Monday, 4 January 2016

4 January 2016. Macbeth at The Young Vic



I must confess I did not really get on with this production. Reduced to two hours with no interval, I felt the pruning and modernising lost a good deal. Luckily I had read a detailed synopsis during the afternoon and so was able to identify the supporting characters; otherwise, I fear I would have been rather at sea. Somehow (or maybe it was me) the pruning seemed to lose the lines identifying the characters!

There were also innovations which seemed to me distracting. The witches were on stage a good deal of the time – sometimes as the witches but at other times as dancers. The murderers of Banquo  also seemed to be on stage more than they should be. The dancing itself did not really work for me and seemed to take time up that was already at a premium.

The stark set was, however, arresting – consisting of a receding ‘corridor’ in which all the action took place. Towards its end was an entrance that slid across the corridor, admitting and exiting characters. The acting of Macbeth and his wife was fine but I did not feel gripped by the psychology in the play. However, the reaction of MacDuff to the killing of his family stood out as did Macbeth’s mistaken belief in his invincibility towards the end and his demise was visually striking with the stream of blood making its way down the stage..

30 December 2015. Bull at the Young Vic

Only 50 minutes long - but that is probably as much as the audience could take. This is amazingly powerful and cringe-making. It centres upon three people from an office - two successful; one the identified 'loser'. The time has come to make a redundancy and by the time the boss arrives, the two have already so undermined and stitched up the one that the answer is obvious.

The action takes place in a boxing ring with two rows of the audience standing ringside. All is conducted under bright lighting and the ending is brilliant as the victim knocks down the water machine which then evacuates and turns the ring into a pool of some two inches of water with the victim lying motionless within it.

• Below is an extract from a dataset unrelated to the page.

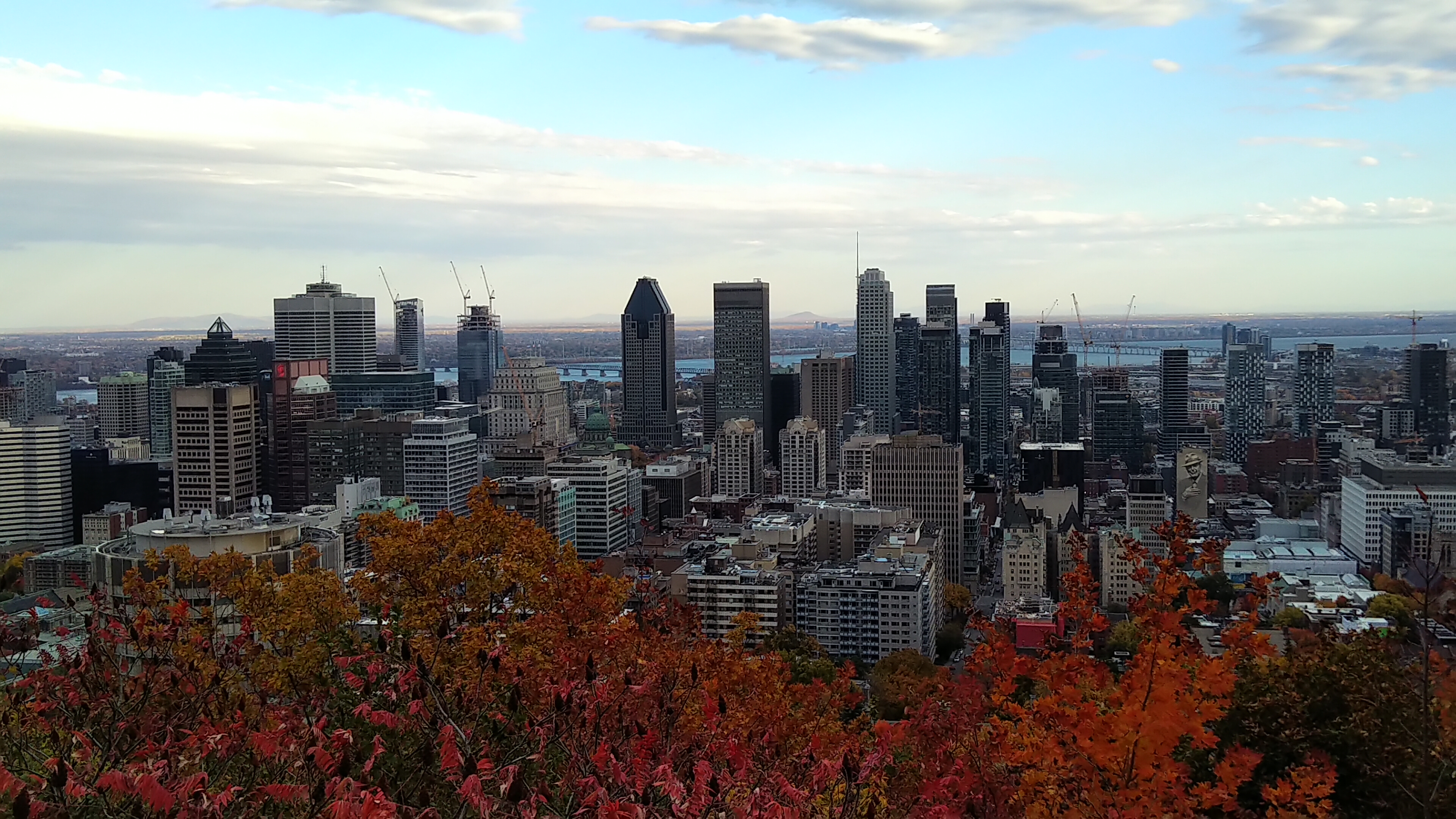 Montreal Skyline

There are moments of humour at the start but by about halfway little laughter is heard. It is extremely well-acted and tough to watch. Towards the end the unrepentant female bully muses upon the evolutionary significance of bullying, it serving the tribe to get rid of characters/ characteristics that could jeopardise survival.

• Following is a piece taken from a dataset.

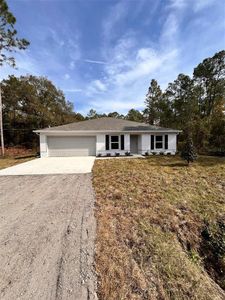 New construction Single-Family house 9610 Mcmahon Ave, Hastings, FL 32145 - image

28 December 2015. wonder.land at the National Theatre

I am a fan of Alice in Wonderland and was looking forward to this production at the NT. I had assumed it was bringing the story in some way to the digital age but, other than that rather hazy expectations.

The exhibition outside the theatre itself was promising as was the stock in the shop. The exhibition made use of an array of digital technology to create virtual reality glasses and so on; the shop had huge and small hand-waving cats for sale as well as copies of Yayoi Kusama's beautiful illustrated version of the book.

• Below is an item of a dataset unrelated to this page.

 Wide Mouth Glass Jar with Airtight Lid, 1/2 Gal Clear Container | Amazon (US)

The theatre production was, as one has grown to expect at the NT, fantastic. Accompanied by live music and with amazing digital projections, all looked good for a memorable evening. The problem, however, was the play itself. It centred upon a girl who was being bullied at school and was being brought up by a single parent - with a baby brother, mother and absent father who were all pure caricature. She got hold of an avatar that transported her from her 'real' world to one more to her liking and with some of the traditional Alice characters - The cheshire cat, Tweedle dum and tweedle dee, the March hare and so on. The biggest character, however, was the headteacher from her school inreality - a sort of cruella devill who morphed into the Red Queen.

The problem was that the fantasy story never developed at all - characters simply seemed to come and go. On the other hand, her 'real world' story did make progress - but of the most limited and obvious type - the hopeless dad saw his errors, reformed and reconciled with the mother.

So I felt we were left with a rather largely wasted opportunity - all that technology and production clothing a very insubstantial piece of work. you could tell that I was not alone - There was applause; but given the age of the audience (young), it was hardly rapturous.